• **WORK TO COMPLETE**
Please transcribe the data that follows exactly as given, leaving out every picture.

• **GIVEN DATA**
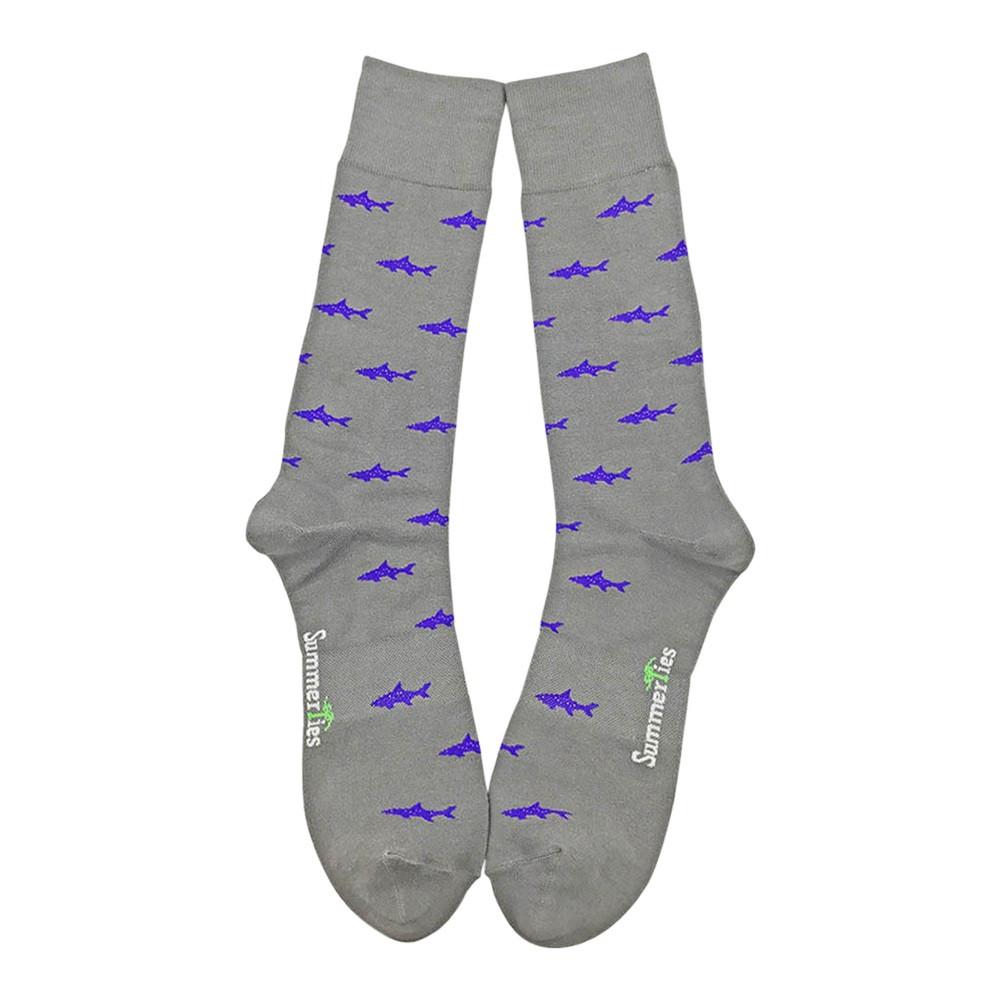 Shark Socks - Men's Mid Calf - Purple on Gray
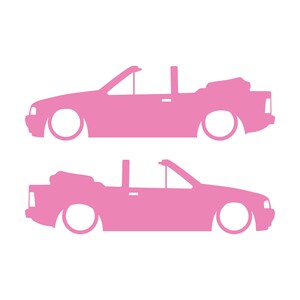 Set Of 2 Car Silhouette Decal Stickers For Ford Escort Mk4 Convertible Soft Pink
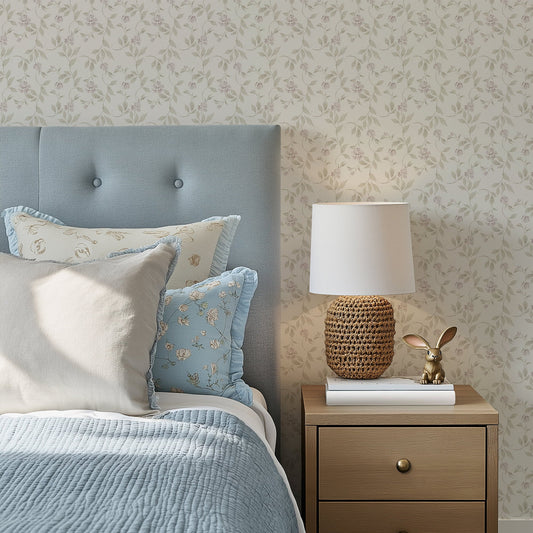 Blythe Cream and Pink Wallpaper | Romantic Vintage Floral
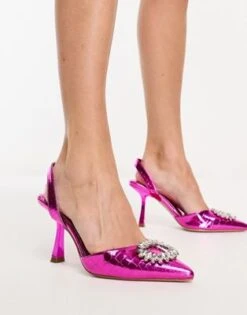 Simmi London - Becki - Scarpe Con Tacco Decorate Rosa Metallizzato Effetto Coccodrillo Con Cinturino Posteriore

• **RESULT BELOW**
 Shark Socks - Men's Mid Calf - Purple on Gray
 Set Of 2 Car Silhouette Decal Stickers For Ford Escort Mk4 Convertible Soft Pink
 Blythe Cream and Pink Wallpaper | Romantic Vintage Floral
 Simmi London - Becki - Scarpe Con Tacco Decorate Rosa Metallizzato Effetto Coccodrillo Con Cinturino Posteriore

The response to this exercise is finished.